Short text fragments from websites
————

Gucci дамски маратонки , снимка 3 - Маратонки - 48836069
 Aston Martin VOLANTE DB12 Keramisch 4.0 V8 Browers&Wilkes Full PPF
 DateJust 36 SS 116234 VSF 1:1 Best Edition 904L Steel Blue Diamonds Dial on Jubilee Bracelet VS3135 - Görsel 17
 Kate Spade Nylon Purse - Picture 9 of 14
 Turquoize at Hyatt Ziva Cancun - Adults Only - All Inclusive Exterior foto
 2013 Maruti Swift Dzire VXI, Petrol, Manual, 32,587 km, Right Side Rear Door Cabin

————

» Instructions for the task: Your answer should hold exactly the lines from the one containing "Kate Spade Nylon Purse - Picture 9 of 14" to the last line of the data, both included, and no others.

» Problem solution:
 Kate Spade Nylon Purse - Picture 9 of 14
 Turquoize at Hyatt Ziva Cancun - Adults Only - All Inclusive Exterior foto
 2013 Maruti Swift Dzire VXI, Petrol, Manual, 32,587 km, Right Side Rear Door Cabin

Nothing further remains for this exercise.